Monetização não eliminou trabalho forçado. Prata podia pagar salários e tributos enquanto era extraída por obrigação. Mercados e coerção não eram opostos simples.

16.4 Religião e soberania

Safávidas promoveram xiismo; otomanos patronaram sunismo e governaram pluralidade; mogóis variaram políticas de inclusão; Qing falaram a públicos confucianos, manchus, mongóis e tibetanos; monarquias europeias disciplinaram confissões; impérios ibéricos vincularam missão e colonização.

Religião oferecia legitimidade, escrita, escolas e instituições de assistência. Também permitia crítica e comunidade. Convertidos reinterpretavam doutrinas; minorias negociavam proteção; perseguidos migravam. Uniformidade proclamada raramente equivalia a prática uniforme.

Missão podia acompanhar conquista, mas não era apenas máscara. Missionários possuíam convicções, rivalizavam com colonos e produziram conhecimento; ao mesmo tempo, participaram de projetos de disciplina e destruição de práticas locais.

16.5 Por que a Europa ainda não dominava

Estados europeus possuíam frotas oceânicas, artilharia naval, finanças e colônias crescentes. Nas Américas, sua expansão foi profunda, ainda que fronteiras indígenas persistissem. No Atlântico, controlavam transporte transoceânico e mercados coloniais. Essas eram mudanças estruturais.

Na Ásia, porém, companhias e portugueses dependiam de licença e produtores. A China Qing, o império Mogol e o império Otomano tinham receitas e populações que superavam as de muitos Estados europeus. Na África, europeus dominavam poucos territórios costeiros. Superioridade global não estava estabelecida.

As vantagens posteriores emergiriam de combinação entre competição estatal, crédito, impérios atlânticos, escravização, recursos coloniais, ciência, energia e crises de impérios asiáticos. Nenhuma causa única deve ser projetada para trás.
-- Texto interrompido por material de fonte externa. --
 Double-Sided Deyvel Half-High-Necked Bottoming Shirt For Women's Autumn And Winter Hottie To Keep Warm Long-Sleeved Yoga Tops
16.6 Um método para estudar coexistência

Primeiro, localizar formações no mesmo intervalo. Segundo, comparar mecanismos e não títulos. Terceiro, identificar intermediários. Quarto, seguir uma mercadoria sem abandonar trabalhadores. Quinto, distinguir reivindicação de controle. Sexto, registrar o grau de segurança da evidência.

Esse método evita uma fila de impérios que se substituem. Em 1650, Qing consolidava a China, o império Mogol expandia-se, otomanos governavam três continentes, Nzinga liderava Matamba, Tokugawa regulava o Japão, a Rússia avançava na Sibéria e colônias atlânticas ampliavam escravização. Coexistência é a estrutura, não uma exceção.
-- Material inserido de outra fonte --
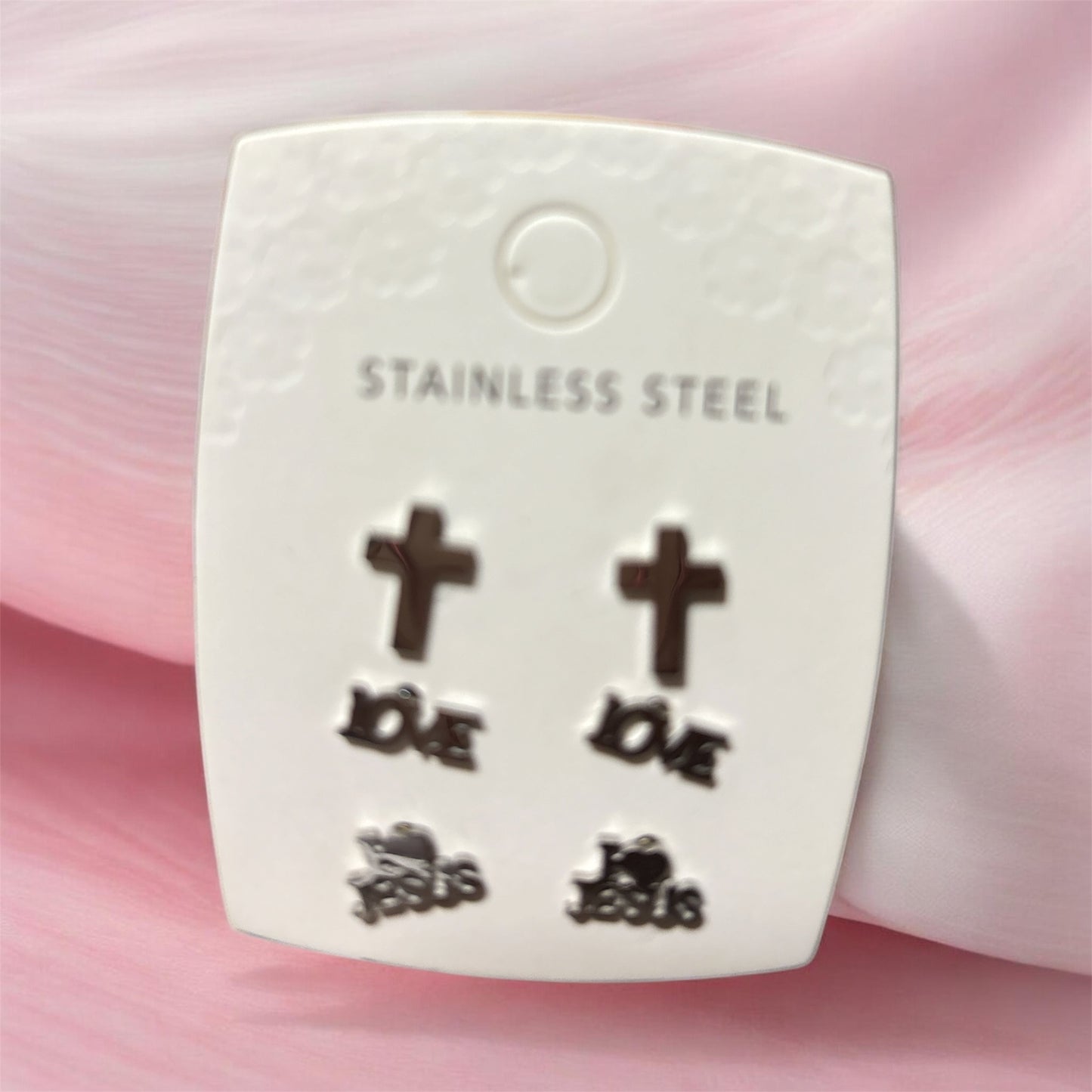 Religious Themed Stainless Steel Stud Earring Set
Formação c. 1700Escala dominanteReceitaIntermediáriosLimite central
Monarquias ibéricasOceânica e territorialImpostos, prata e comércioVice-reis, câmaras, caciques e contratadoresDistância, contrabando e fronteiras
OtomanoTerritorial intercontinentalTerra, impostos e alfândegasGovernadores, notáveis, qadis e fazendeiros fiscaisGuerra longa e autonomia provincial
SafávidaTerritorial e caravanistaAgricultura, seda e taxasQizilbash, ghulams, burocratas e armêniosFronteiras e equilíbrio de facções
MogolTerritorial agrárioReceita da terra e alfândegasMansabdars, zamindares e banqueirosCustos do Decão e disputa por jagirs
QingTerritorial multiétnicoImposto agrário, monopólios e comércioBanners, burocratas e elites locaisResistência e fronteiras interiores
TokugawaArquipélago e domíniosTributo em arroz, taxas e serviçosDaimyo, aldeias e comerciantesAutonomia senhorial e fronteiras
RússiaTerritorial de fronteiraImpostos, serviço e pelesNobres, cossacos e coletores de yasakBaixa densidade e distâncias
CompanhiasMarítima e enclaveMonopólio, alfândega e comércioDiretores, agentes e corretores locaisDependência de Estados e produtores

Conclusão: A primeira modernidade conectou continentes sem criar uma autoridade mundial. O poder cresceu por camadas: cada centro dependia de pessoas capazes de traduzir, produzir, transportar, cobrar e negociar. Essa dependência era fonte de expansão e limite permanente.

Leituras-base do capítulo: Jane Burbank e Frederick Cooper, Empires in World History; John Darwin, After Tamerlane; Victor Lieberman, Strange Parallels; Lauren Benton e Lisa Ford, Rage for Order; Sanjay Subrahmanyam, Explorations in Connected History; Kenneth Pomeranz e Steven Topik, The World That Trade Created.